Distribution du matériel agricole aux populations de la Région des Savanes, élévation de plusieurs producteurs au rang de Chevaliers et d’Officiers dans l’Ordre du Mérite Agricole, la rencontre du chef de l’Etat Faure Gnassingbé avec le monde paysan ce samedi 17 avril à Dapaong, est un signe évident d’une entrée en campagne avant l’heure. Certes, avec le ministère du Développement à la base et de la Jeunesse, et le ministère de l’Agriculture, de l’Elevage et la Pêche, l’Etat semble accorder une grande importance à un secteur qui contribue à près de la moitié du budget, mais à qui on donne un ingrat traitement. La région des Savanes est la région la plus pauvre du Togo surtout le plans, malgré ses atouts climatiques et agricoles pour les cultures maraîchères, le maïs et le riz, la région n’est pas mise en valeur. La région compte 1 médecin chirurgien pour plus de 700.000 habitants.

A Dapaong, le chef de l’Etat a remis 140 égreneuses de mais (550kg/heure), 9 décortiqueuses de riz (650kg/heure) et 32 bâches. Il a également décoré de nombreuses figures du monde paysan des Savanes, élevées au rang de Chevaliers et d’Officiers dans l’Ordre du Mérite Agricole. L’agriculture est contributrice de 40% au budget de l’Etat et compte 20% des ressources à l’exportation. Un vaste programme de 200 milliards, le Programme national d’investissement agricole et de sécurité Alimentaire (PNIASA), est conçu pour relancer le secteur, qui connaît un net regain avec trois années successives d’excédents céréaliers (maïs, sorgho, mil). Mais le PNIASA, qui a plusieurs volets, cache les incompétences du ministère de l’agriculture, de l’élevage, et de la pêche, à transformer un potentiel agricole affirmé en industrie agro-alimentaire apporter une valeur ajoutée au secteur. L’excédent céréalier est devenu un slogan politique affirmé à tout bout de champ, comme au temps du parti unique, où un petit pas devient un bond pour l’humanité et un échec, une victoire éclatante. Le Togo continue à importer une trop grande quantité de riz, soit plus de 50.000 tonnes par an, essentiellement du riz thaïlandais dont la qualité est moins bonne que le riz local, mal exploité.
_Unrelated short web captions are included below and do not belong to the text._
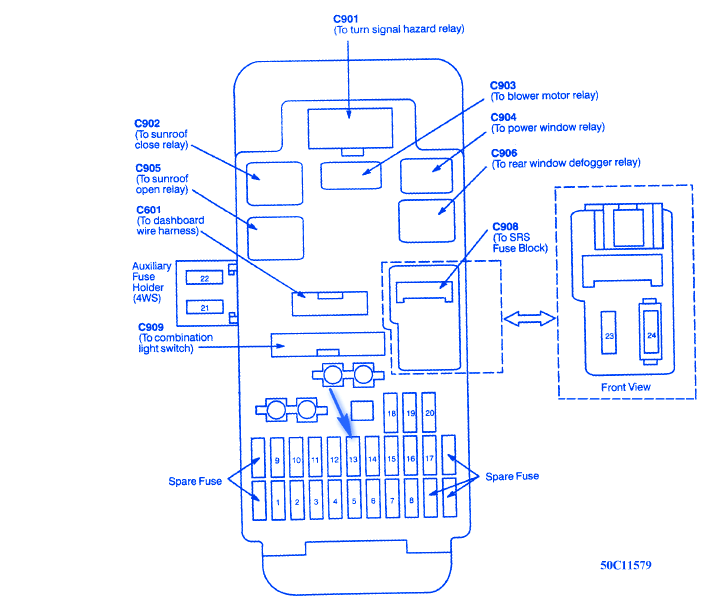 Honda Prelude 1995 Interior Fuse Box/Block Circuit Breaker Diagram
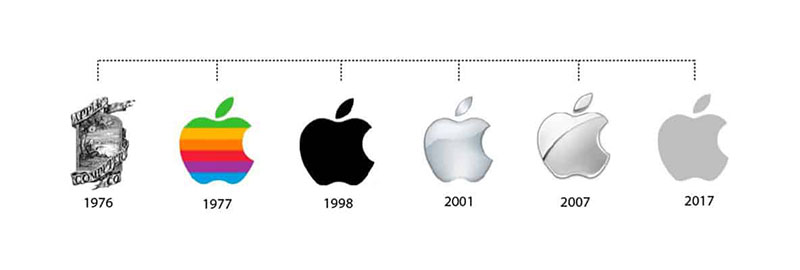 apple-evolution-thumbnail The Changing Face of Brands: Evolution of Logos Explained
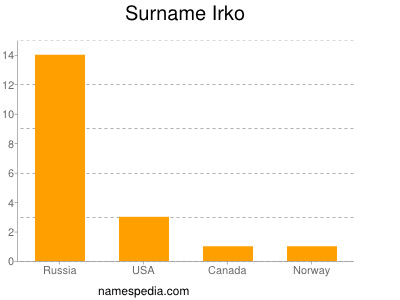 Surname Irko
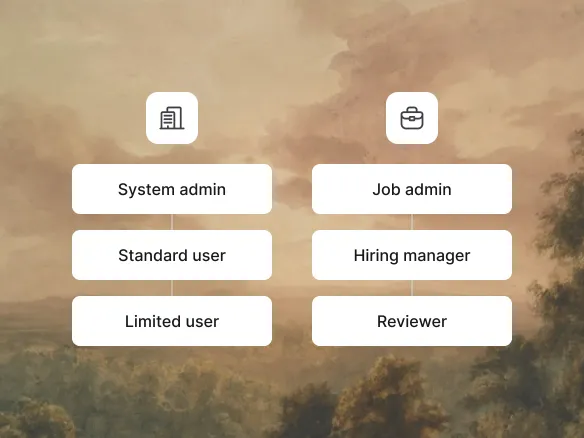 Join roles and permissions for a hiring team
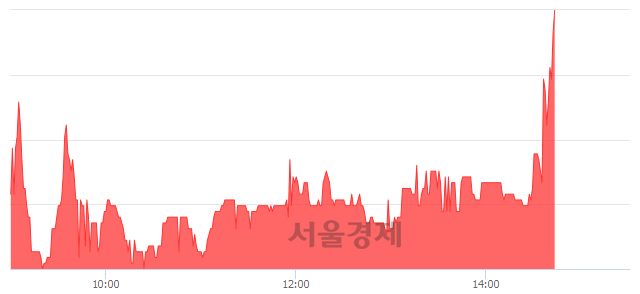 <코>투비소프트, 6.57% 오르며 체결강도 강세로 반전(100%)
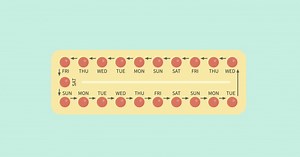 Pilule : toutes les réponses aux questions que l'on se pose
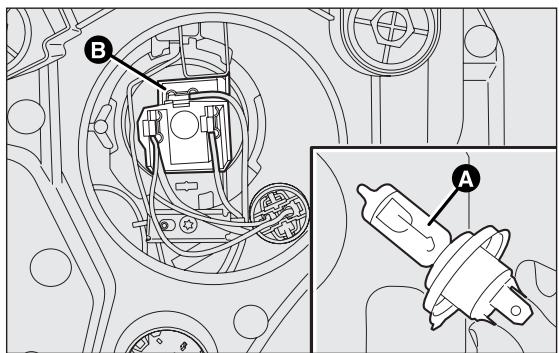 FIAT PUNTO 2013 - FEUX DE ROUTE/FEUX DE CROISEMENT - 2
faure gnasEn outre, l’Etat veut relancer le secteur du coton, alors  que le prix du coton sur le marché connaît une baisse importante et n’est pas prête de revenir à la hausse les prochaines années, selon les prévisions de l’OMC. Et puis l’Etat a fait “des choses putes” dans le secteur du coton, dit un expert qui a requis l’anonymat. L’Etat doit plus de 40 millions de dollars US aux cotonculteurs. Une partie des dettes a été transformée par l’Etat en parts sociales dans le cadre de la société mixte en place, la Nouvelle société cotonnière du Togo (NSCT), mais de nombreux paysans créanciers sont morts, et il n’est pas sûr que les ayants droit rentrent en possession de leurs biens compte tenu de l’ignorance des textes qui prévalent dans les milieux ruraux. Des paysans se sont suicidés car endettés. L’Etat a dissous la Société togolaise de coton (Sotoco), l’ancêtre de la NSCT sans avoir fait le bilan de la sa gestion. Dans le cadre du PADAT, un sous-programme du PNIASA, des tracteurs achetés par l’Etat sont en train de rouiller dans une zone du Nord. Depuis 3 ans, le PNIASA n’a été exécuté qu’à 3%. “Le ministère manquent de cadres décomplexés pour traduire en acte la nouvelle politique agricole; il y a trop de blocages au nouveau du ministère, avec des cadres qui cumulent la direction des programmes et des projets, ce pourquoi rien ne bouge”, a affirmé un cadre du ministère.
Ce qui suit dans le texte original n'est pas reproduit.